One of Van Gogh's principal concerns in these interior scenes was the treatment of light. In early March 1885, he mentioned a group of figure studies done by lamplight: "Nowadays I paint... even at night by lamplight, in the cottages, when I can hardly distinguish anything on my palette, to capture if possible at least something of the peculiar effects of artificial light at night with, for instance, a large shadow cast on the wall" (Letter to Theo 484/395). There are at least six figure studies that feature this sort of nocturnal effect, to which Van Gogh would return in The Potato Eaters (De la Faille, nos. 126a, 145, 152, 171, 171a, and 365). By mid-March, Van Gogh had turned his attention to a new lighting effect: "I am brooding over a couple of larger, more elaborate things... namely figures against the light of a window. I have studies of heads for it, against the light as well as turned toward the light, and I have worked several times already on complete figures: winding yarn, sewing, or peeling potatoes. Full face and profile, it is a difficult effect" (Letter to Theo 485/396).

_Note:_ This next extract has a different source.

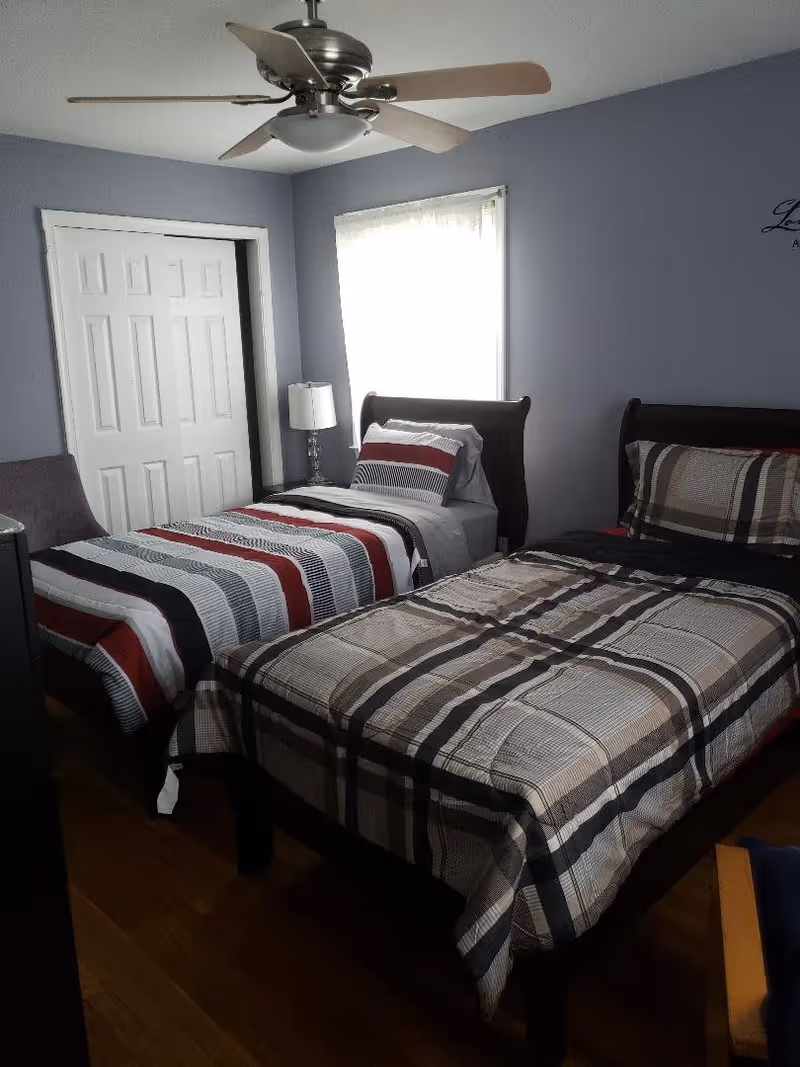 A bedroom with two twin beds, each with different striped bedding. There is a window with sheer curtains between the beds, a ceiling fan above, a lamp on a nightstand, a closet with white sliding doors, and a chair partially visible in the corner.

The present painting is one of three oils that show a woman posed in this way, against a brightly illuminated window (also De la Faille, nos. 71-72; Rijksmuseum Vincent Van Gogh, Amsterdam and Rijksmuseum Kröller-Müller, Otterlo). In all three, the rectangle of sunlight is placed centrally in the picture, surrounding and almost obliterating the features of the seated woman. Her hands, in contrast, are picked out by the brilliant light, imbuing her daily toil with a sense of almost religious importance that recalls Van Gogh's sanctification of manual labor in his description of The Potato Eaters: "I really have wanted to make it so that people get the idea that these folk, who are eating their potatoes by the light of their little lamp, have tilled the earth themselves with these hands they are putting in the dish, and so it speaks of manual labor and that they have thus honestly earned their food" (Letter to Theo 497/404).